By default forests should always be chopped.

Common rebuttals:
-Lumbermill FTW!: The lumbermill comes rather late in the game. Not only are the hammers worth less, but there's no guarantee that the game will even go that long. They're nice, to be sure, but they're not a reason on their own to save forests.
-Wait till math: I used to think this too, but under scrutiny, it doesn't really hold water. Just like how hammers in the early game are worth more than in the late game, hammers in the very early game are worth more than in the middle game. I would wait at most 8 turns on normal to chop a forest waiting on math, but more than that, and you're seriously stunting your growth.


Legitimate reasons to chop:
-Civ is an exponential game, in that early resources more than pay for themselves given time. An extra early axeman becomes an extra early captured city becomes a number of extra mid-game catapults. Same goes for wonders. The earlier the returns, the better.
-Forests adjacent to the city (or important resources) give enemy units refuge during an invasion or siege. Militarily, it's often best to clear the way.
-Forests stifle resources: river commerce, mine resource discoveries, and even forest regrowths.

Legitimate reasons not to chop:
-Low on worker turns. It's generally best to consider what's best for the empire rather than what's best for the city. Sometimes, your workers have significantly more important things to do, like hooking up resources or connecting a military road network. Generally, you'll want to chop more workers, but this isn't always the case. If a city is low on forests, you won't always have worker-turns available to improve tiles to replace them after chopping them.
-Tile placement. Health is overrated, but sometimes it's important to offset floodplains. Generally city placement should avoid excessive bad health, but leaving the forest to offset excessive bad health is a very legitimate option. Also, plains tiles tend to be worthless for some time unless adjacent to a river, so having those available as 1F2H outs when, again, you're short on worker turns, isn't a bad idea. Forests on tundra as well.
-Emphasis on commerce over hammers. Once again we return to worker-turn priority. If an extra axeman won't help you because you're already paying your army through the nose and your $$$ is so backwards you can't pick up any good economic wonders (or a market or library), sometimes a city will be better off growing on its own while your workers cottage up some other city. A city surrounded by grass forests will flourish on its own just fine without worker help.
-Military defense. If you're facing down a mounted assault, forests can help reclaim your road-movement advantage. I've generally only found this to be true on small fronts.
-No bronzeworking. If for some strange reason, your game doesn't require you to pick up slavery to rush a wonder, get forest chopping to speed development, or find copper in hopes of building axemen or spearmen, then sure, I suppose you could hold on bronzeworking past the time when mass-chopping would pay for itself.

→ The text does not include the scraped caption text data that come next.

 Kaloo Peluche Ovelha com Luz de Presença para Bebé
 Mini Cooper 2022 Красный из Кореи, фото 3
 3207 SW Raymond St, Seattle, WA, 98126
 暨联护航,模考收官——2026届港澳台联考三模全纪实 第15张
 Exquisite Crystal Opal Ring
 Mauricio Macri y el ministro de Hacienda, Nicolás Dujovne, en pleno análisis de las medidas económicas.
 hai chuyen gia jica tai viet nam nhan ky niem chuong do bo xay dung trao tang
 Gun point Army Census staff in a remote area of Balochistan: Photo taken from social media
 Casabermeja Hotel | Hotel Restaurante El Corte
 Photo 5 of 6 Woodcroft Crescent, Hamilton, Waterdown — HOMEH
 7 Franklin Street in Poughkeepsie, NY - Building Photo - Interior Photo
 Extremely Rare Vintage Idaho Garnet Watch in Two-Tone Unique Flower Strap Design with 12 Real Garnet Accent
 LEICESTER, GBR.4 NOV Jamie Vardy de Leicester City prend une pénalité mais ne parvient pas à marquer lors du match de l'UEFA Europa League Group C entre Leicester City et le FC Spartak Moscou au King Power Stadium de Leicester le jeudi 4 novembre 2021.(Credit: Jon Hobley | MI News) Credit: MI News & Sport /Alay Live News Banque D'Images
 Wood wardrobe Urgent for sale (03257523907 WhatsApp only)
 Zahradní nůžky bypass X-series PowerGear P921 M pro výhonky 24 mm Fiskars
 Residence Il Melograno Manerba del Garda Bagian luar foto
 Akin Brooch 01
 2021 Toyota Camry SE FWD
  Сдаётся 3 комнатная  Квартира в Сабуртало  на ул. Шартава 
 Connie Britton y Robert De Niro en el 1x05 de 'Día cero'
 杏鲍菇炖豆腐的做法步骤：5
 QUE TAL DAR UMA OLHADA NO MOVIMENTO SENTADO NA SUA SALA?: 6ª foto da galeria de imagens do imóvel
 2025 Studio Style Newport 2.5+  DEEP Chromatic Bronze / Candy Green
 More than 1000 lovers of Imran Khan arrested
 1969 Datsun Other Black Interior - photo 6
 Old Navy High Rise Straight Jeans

Neat tip: We're all used to telling our workers to chop and then improve the tile, to get the hammers earlier. However, if a city is working a forest you want to chop, it's not a bad idea to tell the worker to just build the improvement. The forest will stay and be worked all the way up until the improvement finishes to replace it.
 
I strategize when chopping forests:

* Tundra: Never chop it unless (a) it's next to fresh water and I feel it would be better use for another improvement or (b) it's a tile not in any city's radius.

* Plains: Always chop unless the city is low on production squares.

* Grassland: Depends on what I want out of the city. If I want growth, chop it for a forest. If I want commerce, chop it for a cottage. If I want production, determine what production improvement is best for the tile or if leaving the forest alone until lumbermills come along is better.

And when I do chop, I wait until I'm building something such as a wonder or a building that requires a long production time (cathedrals are a good example). For military units, since I build them in mostly high production cities, chopping generally ends up being trivial in terms of speeding the production of them unless I'm playing at Marathon.